* Task prompt:
Begin at the line containing "deck with outdoor" and restate it and each line after it exactly, up to and including the last line below. Leave pictures out.

(Image-caption web data)

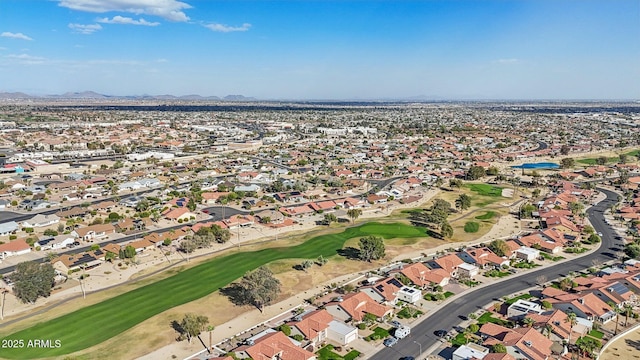 birds eye view of property with a mountain view, view of golf course, and a residential view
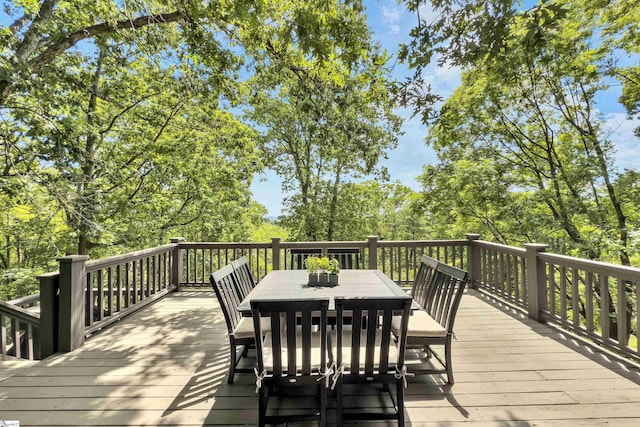 deck with outdoor dining area and view of wooded area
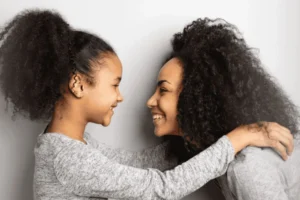 Smiling mother and daughter face each other and embrace, symbolizing trust and openness in teaching anatomically correct terms.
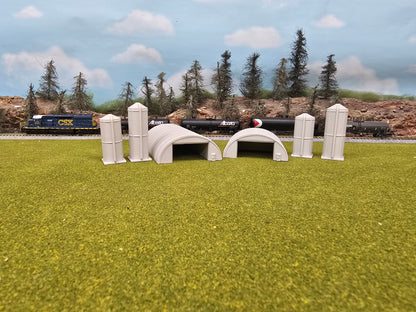 Model train set with tunnels and a forest background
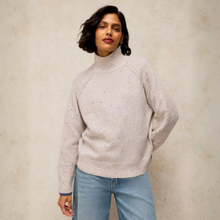 Load image into Gallery viewer, A woman wearing a light grey turtleneck sweater with subtle multicolor flecks and light blue jeans, standing against a textured beige wall.
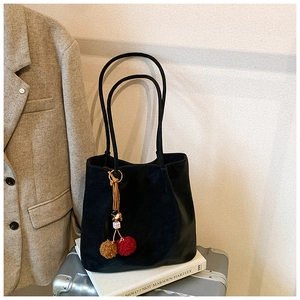 Detail view of black faux suede tote bag with decorative plush charms on a travel suitcase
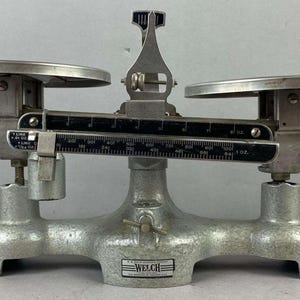Könnte beinhalten: Eine vintage Welch Balkenwaage mit einem silberfarbenen Metallsockel und zwei runden Waagschalen. Der zentrale Balken verfügt über schwarze Skalen mit weißen Markierungen, einschließlich Angaben in Unzen und Gramm, sowie einen vertikalen Zeiger.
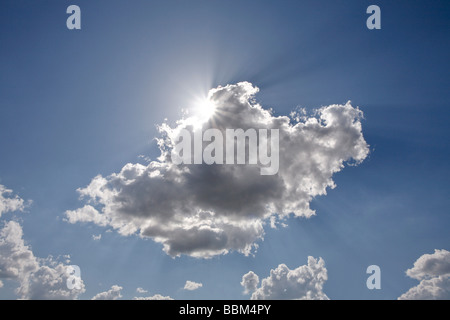 Sun dietro una nuvola bianca di fronte a un cielo blu Foto Stock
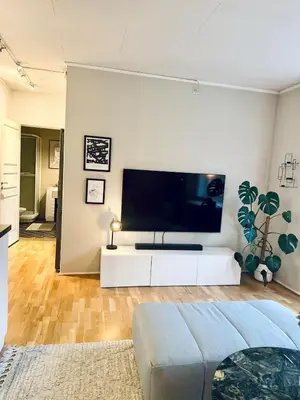 a living room with a large flat screen tv at Nice apartment super central at Solsiden in Trondheim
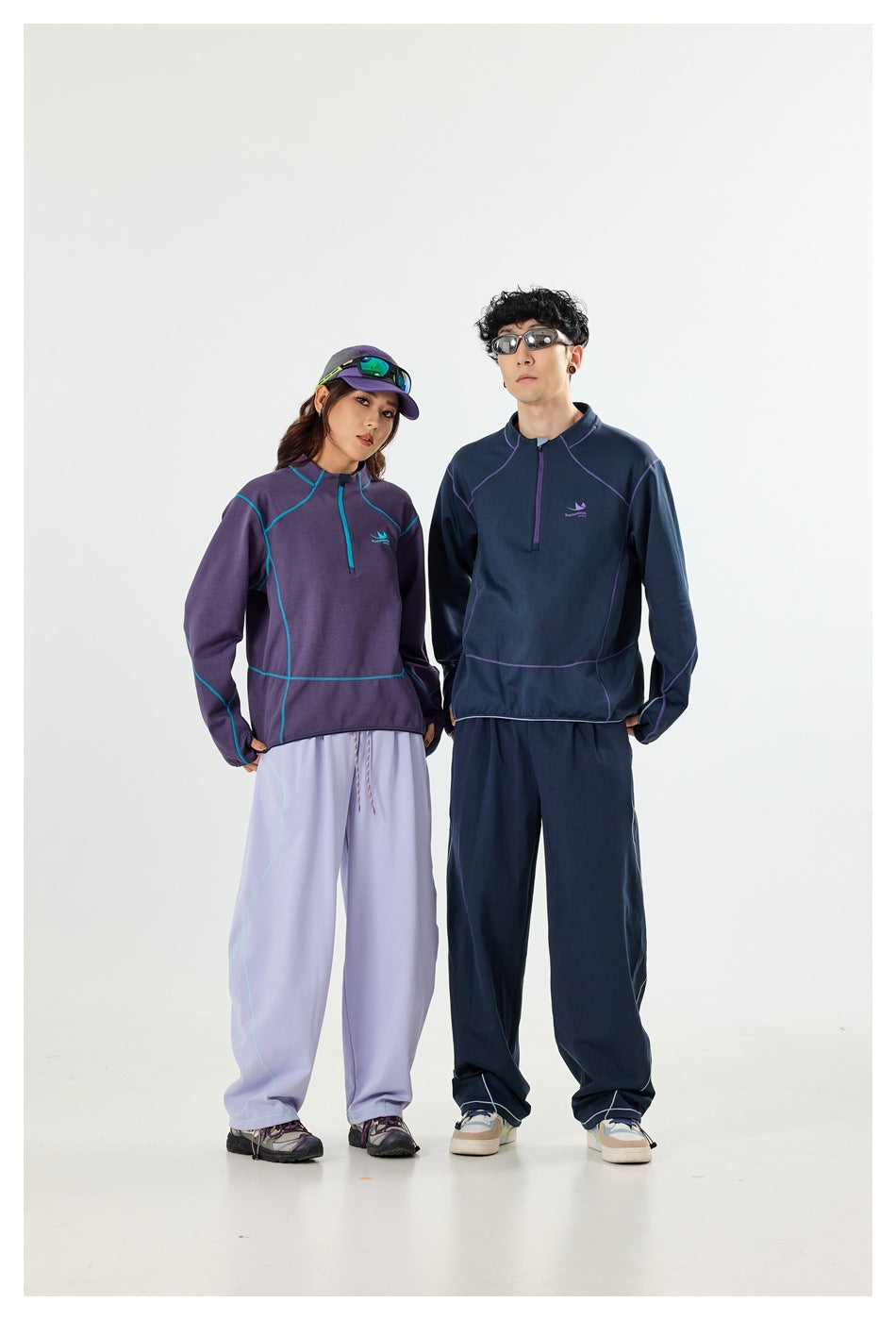 Two models in purple and navy quarter-zip pullovers with contrasting piping and loose matching pants.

* Solution to this exercise:
 deck with outdoor dining area and view of wooded area
 Smiling mother and daughter face each other and embrace, symbolizing trust and openness in teaching anatomically correct terms.
 Model train set with tunnels and a forest background
 Load image into Gallery viewer, A woman wearing a light grey turtleneck sweater with subtle multicolor flecks and light blue jeans, standing against a textured beige wall.
 Detail view of black faux suede tote bag with decorative plush charms on a travel suitcase
Könnte beinhalten: Eine vintage Welch Balkenwaage mit einem silberfarbenen Metallsockel und zwei runden Waagschalen. Der zentrale Balken verfügt über schwarze Skalen mit weißen Markierungen, einschließlich Angaben in Unzen und Gramm, sowie einen vertikalen Zeiger.
 Sun dietro una nuvola bianca di fronte a un cielo blu Foto Stock
 a living room with a large flat screen tv at Nice apartment super central at Solsiden in Trondheim
 Two models in purple and navy quarter-zip pullovers with contrasting piping and loose matching pants.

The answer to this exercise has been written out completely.